Aim of the exercise:
Unless a line falls after the one with "Canner 925 Sterling", retype it exactly from the records below; leave out all pictures.

Start of Entries shown

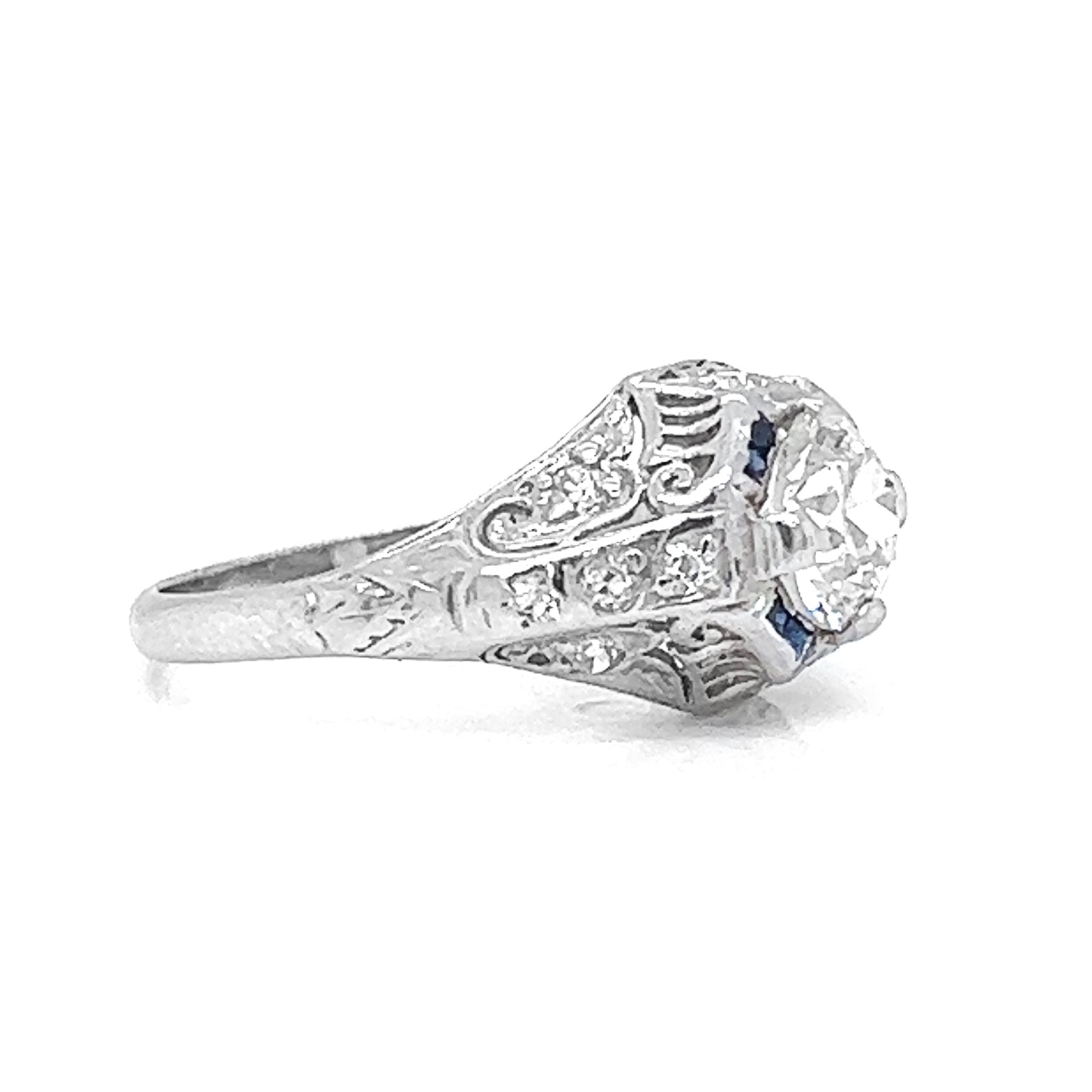 Natural Old Euro Diamond Art Deco Bridal Solitaire Ring, in Platinum - Pre-owned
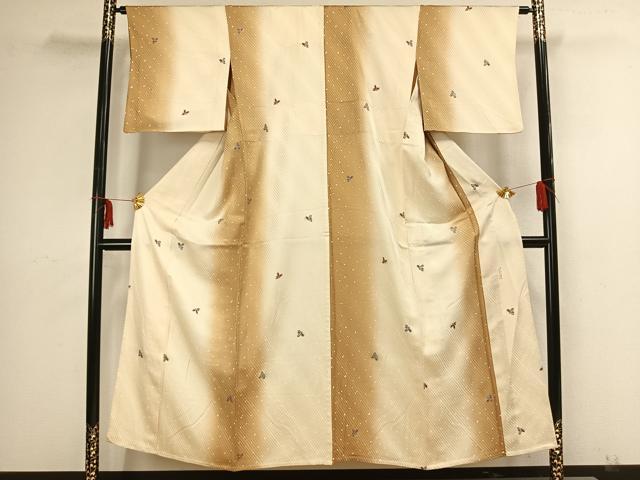 平和屋着物▽上質な小紋 単衣 作家物 舞蝶文 銀彩 正絹 逸品 AAAZ1477fy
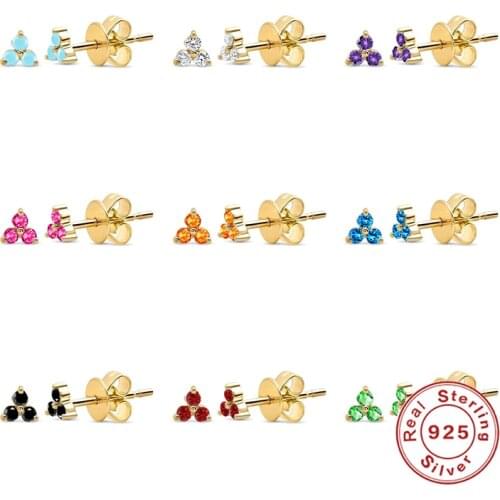 Canner 925 Sterling Silver Earrings For Women Geometric Clover Colored Zircon Piercing kolczyki damskie Pendientes Plata 925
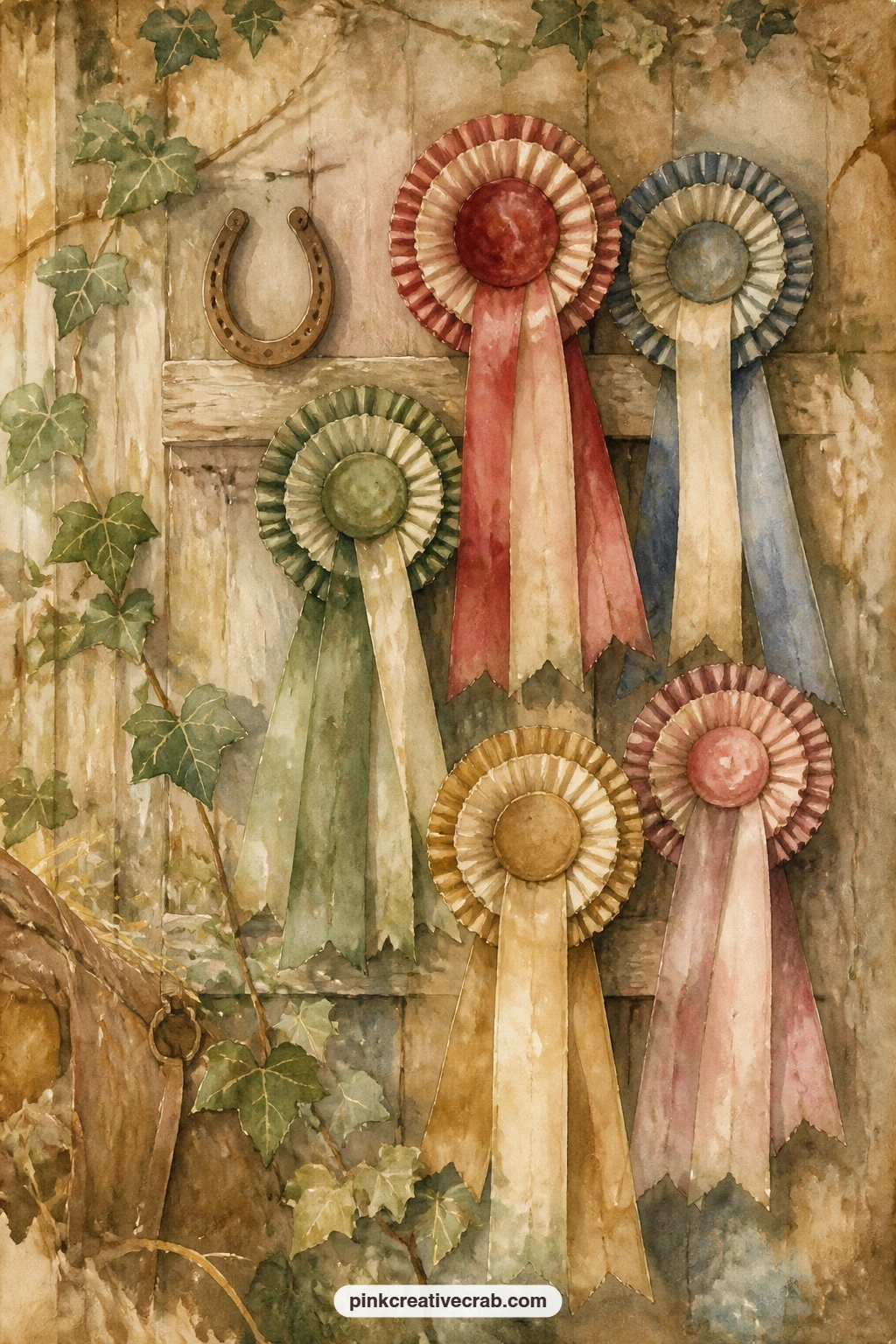 Show Rosettes On Stable Wall printable page — Write the name of a favourite horse or pony, a show date, or a line about a ribbon once won, right across the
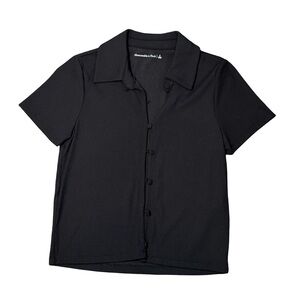 Abercrombie & Fitch Black Short-Sleeve Cardigan Top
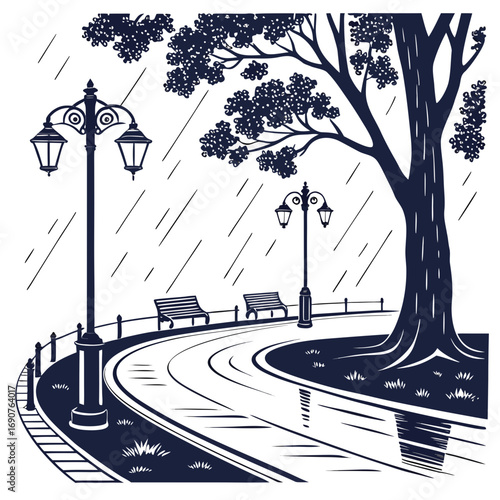 Vector art of a tranquil park view featuring a curved path, elegant lampposts, and comfortable benches beneath a large tree, all depicted in a rainy ambiance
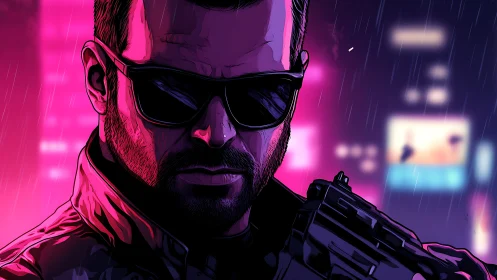 Neon-soaked antihero stands ready in a rainlit cyber city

End of Entries shown

Result for this exercise:
 Natural Old Euro Diamond Art Deco Bridal Solitaire Ring, in Platinum - Pre-owned
 平和屋着物▽上質な小紋 単衣 作家物 舞蝶文 銀彩 正絹 逸品 AAAZ1477fy
 Canner 925 Sterling Silver Earrings For Women Geometric Clover Colored Zircon Piercing kolczyki damskie Pendientes Plata 925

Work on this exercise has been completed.